I don’t think a movie has tried to target a smaller slice of the American Pie since Brokeback Mountain. Early Man seems targeted at expatriated English soccer hooligans who’ve since settled down and had children. It’s about cavemen living in prehistoric (well, they have cave paintings, so just-barely-historic) Manchester, England. They invent soccer and use it to one-up the French. This movie is so British my movie theater soda turned into Earl Grey Tea.
As such, this movie is very hit or miss. I liked it, and was tickled by the jokes. I can’t imagine anyone who didn’t grow up watching Monty Python or the BBC is going to get this movie at all.
Early Man (2018)
Dug (voiced by Eddie Redmayne) is a stone age lad with big goals. Mammoth sized, actually. Living in an idyllic valley with his bumbling tribe, Dug wants to do more than just hunt rabbits. There are two problems with Dug’s Mammoth hunting dreams: his tribe is perfectly happy with their unambitious life; they are also hopelessly incompetent.
Everything changes when Lord Nooth (Tom Hiddleston) and his bronze age invaders conquer the valley and eject Dug’s tribe. A botched attempt on Nooth’s life brings Dug to Bronze City, where he unwittingly challenges the Bronze Agers at their sacred past-time: football. Now Dug has one lunar cycle to whip his tribe into shape to play for the fate of their valley. Luckily for him, a soccer phenom named Goona (Maisie Williams) agrees to help in exchange for becoming the first woman to play on the sacred pitch.
Early Man is best when it’s being silly. The opening sequence was great and had some Caveman-grade slapstick. The movie bogs down when it has to lean on subtle jokes and cultural nods. I got most of the references in Early Man’s word-play, they just didn’t do more than get a smirk out of me. You’d have to really, really, like European Football culture to get a rise out of a lot of Early Man.
It’s hard to imagine the jokes in this movie doing anything for children other than sailing straight over their heads.

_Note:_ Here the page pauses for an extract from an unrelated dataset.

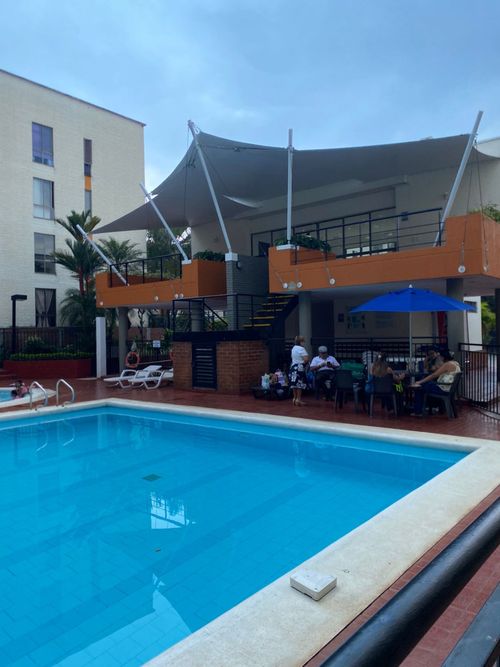 Apartamento de 4 alcobas en venta en Mayapan Las Vegas, Cali, 100 m² · foto 18 de 18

I really enjoy children’s programming that has subtle jokes to keep parents engaged, but there has to be something for the kids to enjoy as well. You won’t have to worry about sitting through 2 hours of fart jokes here, but you’ll probably have to take your kids out for ice-cream afterwards as an apology.
It’s Got the Directors Fingerprints All Over It… Literally
The art style is classic Nick Park. If you liked his previous works such as Chicken Run, Wallace and Gromit, or Shaun the Sheep, you’ll know what to expect here. His creations are always winsomely ugly. They always look like doofs, which is good, because they are doofs. Park portrays lovable losers about as well as any in the animation industry. It’s easy to root for Dug and Co.

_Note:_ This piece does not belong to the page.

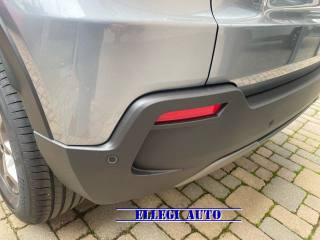 JEEP Avenger usata, con Chiusura centralizzata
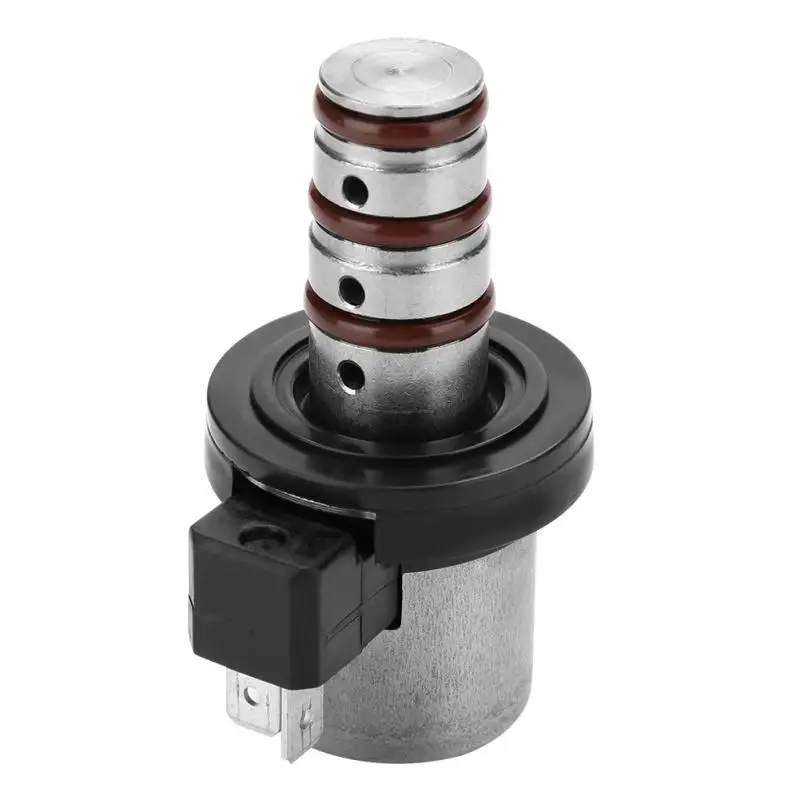 5PCS Transmission Shift Solenoid Kit Set For KM F4A41 F4A42 F4A51 V4A51 Tested Durable Solenoid Valve 5PCS Transmission Shift Solenoid Kit Set For KM F4A41 F4A42 F4A51 V4A51 Tested Durable Solenoid Valve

While claymation is not groundbreaking, it is used so infrequently that I was engaged by its use in a feature length film. There is a ton going on visually; animating it all must have been a herculean task. I’ve never seen one of Park’s films on the big screen, as such I was mesmerized by little things. During the talkier parts I would play a game where I would see how many frames a fingerprint lasted on a certain character (they are hand molded, you can literally see prints all over Dug and crew). It reminded me of the good old days when HD first came out and flyovers of scenic Maine were jaw dropping.
Scratching the Niche
Early Man is such inoffensive entertainment that I was baffled when the ticket machine warned me that I should supervise any children who were watching this film with me. Really? Bambi gets a G for deer homicide and animals twitterpating all over the place, and I have to beware a film where they can’t even cook a rabbit?

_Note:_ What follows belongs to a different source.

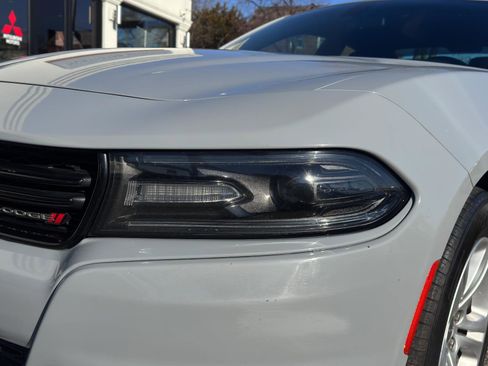 Used 2021 Dodge Charger SXT w/ Leather Interior Group image 11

This film would be the perfect “let a projector babysit your kids” movie… if I thought your kids would have any fun watching it. Don’t get me wrong, I liked it, but I’m almost forty. Should you ask me to name a recent comedy duo I would say Mitchell and Webb when the correct answer was Key and Peele. If you and yours have tastes that skew a little limey, you’ll have a good time. If not, maybe Peter Rabbit would be more up your… wait, that’s British too?
Sorry, I got nothing for you.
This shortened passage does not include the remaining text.